The transaction-landing recipe every Solana guide tells you to build yourself — shipped as a library.

Solana's official retry guide and Helius's "How to Land Transactions" agree on the recipe: send with maxRetries: 0, re-broadcast the same signed bytes every ~2s yourself, re-sign only after verified blockhash expiry, use dynamic priority fees, and route around degraded RPC nodes. Both guides document it; both leave the implementation to you — @solana/kit ships failover transports only as cookbook examples. solana-rpc-shield is that recipe as a typed, tested SDK on the standard web3.js v2 / kit transport seam — provider-agnostic, where the existing alternatives are vendor-locked or DIY.

30-second quickstart

npm install solana-rpc-shield

import { createSolanaRpcFromTransport, createDefaultRpcTransport } from '@solana/kit'; // or '@solana/web3.js' v2
import { createResilientTransport, TransactionManager } from 'solana-rpc-shield';

const transport = createResilientTransport({
  endpoints: [
    'https://your-primary.rpc',   // any mix of providers — paid, free, self-hosted
    'https://your-secondary.rpc',
    'https://api.mainnet-beta.solana.com',
  ],
  // Recommended: the library's own transport keeps v2 wire semantics (bigint u64s);
  // the shield owns routing, health scoring and failover.
  transportFactory: ({ url }) => createDefaultRpcTransport({ url }),
});
transport.startHealthMonitor(); // background slot-lag probes — stale nodes get demoted

const rpc = createSolanaRpcFromTransport(transport);  // reads: failover is transparent
const manager = new TransactionManager(transport);    // writes: the landing recipe below

Works with both package names: @solana/web3.js@2 and @solana/kit run the identical compatibility matrix in test/e2e/kit-matrix.e2e.test.ts — through real failover, bigint fidelity asserted.

Where this sits

| | solana-rpc-shield | DIY on @solana/kit | helius-sdk | gill | |---|---|---|---|---| | Multi-endpoint failover | health-scored + circuit breakers + slot-lag demotion | cookbook example you copy & maintain | managed — Helius endpoints only | out of scope (deliberately minimal) | | Rebroadcast + verified-expiry re-sign | built-in, same-bytes | build yourself | smart transactions, vendor-managed | build yourself | | Never-double-lands guarantee | property-fuzzed invariant over RPC + Jito-relay sends (model limits) | — | not a stated / tested property | — | | Wallet sign-once pipeline | yes (Wallet Standard + legacy bridge) | build yourself | n/a | no | | Jito bundles + live tip accounts | yes | build yourself | via Helius Sender | no | | Works with any provider mix | yes — bring 2+ URLs | yes | no | yes | | OpenTelemetry metrics | yes | no | no | no |

If you're all-in on Helius, use helius-sdk — it automates this well inside that stack. gill is an ergonomics layer, not a reliability engine — complementary, not competing. The shield is for everyone who wants the documented landing behaviour across any providers, including free public endpoints.

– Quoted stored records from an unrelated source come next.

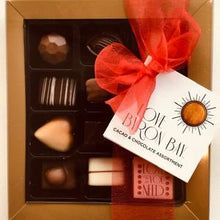 Load image into Gallery viewer, Christmas Treats Hamper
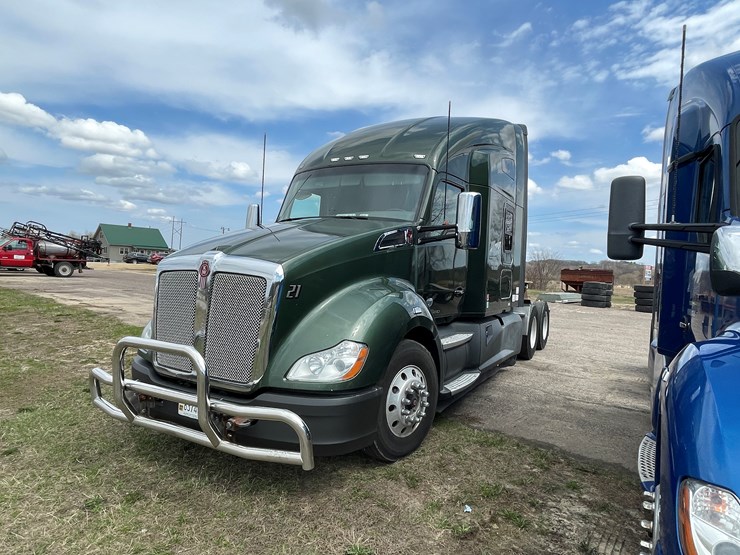 2018-kenworth-t680-image-1
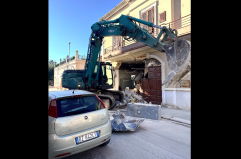 San Ferdinando di Puglia, assalto allo sportello ATM delle Poste con una ruspa: sventrato vano e marciapiede FOTO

What the guides say → where the shield implements it

| Canonical guidance | Source | Implemented at | |---|---|---| | Send with maxRetries: 0; own the retry loop client-side | Solana docs | submitViaRpc (maxRetries: 0) + lifecycle engine | | Re-broadcast the same signed bytes on a ~2s cadence until expiry | Helius guide | runTxLifecycle rebroadcast loop · test | | Re-sign only after lastValidBlockHeight has verifiably passed | Solana docs | two all-null full-history sweeps + grace window before any re-sign · cross-node tests | | Don't trust one-shot confirmation — it has a history of lying | #23949, #25955 | status polling over all submitted signatures, searchTransactionHistory death sweeps | | Dynamic priority fees, never fixed | Helius guide | PriorityFeeEstimator percentile + clamps + pluggable external source | | Don't skipPreflight blindly | Solana docs | default false; rebroadcasts skip (already validated) | | Jito: tip inside the transaction, accounts fetched live | docs.jito.wtf | getTipAccounts/submitBundle, never a hardcoded list |

Measured evidence

Why injected failures, not an organic mainnet A/B: a healthy network cannot tell a resilient client from a naive one — over any window where nothing breaks, both land everything. Resilience is measured by injecting the failure modes and checking the invariants hold. The shield injects them twice: deterministically, against real local HTTP servers (npm run sim:landing — the table below reproduces bit-for-bit), and against live mainnet nodes — rpc-shield simulate-drop: real endpoints, a real injected outage, real failover and circuit recovery (this recording deliberately mixes mainnet + devnet, so the shield's chain-mismatch detection fires too):

simulate-drop against live Solana nodes

Landing-rate A/B — npm run sim:landing, 50 intents × 5 failure scenarios over real local HTTP servers sharing one truth ledger. The naive client is the tutorial pattern implemented fairly: one endpoint, send, poll, and on timeout re-sign a fresh transaction:

| Scenario | Client | Landed | Lost | Double-lands | Extra signatures | Median confirm | |---|---|---|---|---|---|---| | endpoint outage (25% of intents) | naive | 74% | 26% | 0 | 0 | 3ms | | | shield | 100% | 0% | 0 | 0 | 8ms | | latency spike (50% of intents) | naive | 100% | 0% | 0 | 0 | 361ms | | | shield | 100% | 0% | 0 | 0 | 7ms | | status-blind node (hot polls lag 450ms) | naive | 100% | 0% | 50 | 100 | — | | | shield | 100% | 0% | 0 | 0 | 465ms | | rate-limit bursts (30% of intents) | naive | 70% | 30% | 0 | 0 | 2ms | | | shield | 100% | 0% | 0 | 0 | 5ms | | blackhole (20% of intents) | naive | 80% | 20% | 0 | 0 | 3ms | | | shield | 100% | 0% | 0 | 0 | 4ms |

The status-blind row is the headline: the naive pattern double/triple-landed every single intent (50/50, 100 extra signatures) while reporting total failure to the user — who would retry, again. That is the funds-loss bug class the lifecycle engine exists to kill. Counts are deterministic (failure assignment by intent index); run it yourself. Simulated network, not mainnet — the value is that the table reproduces exactly.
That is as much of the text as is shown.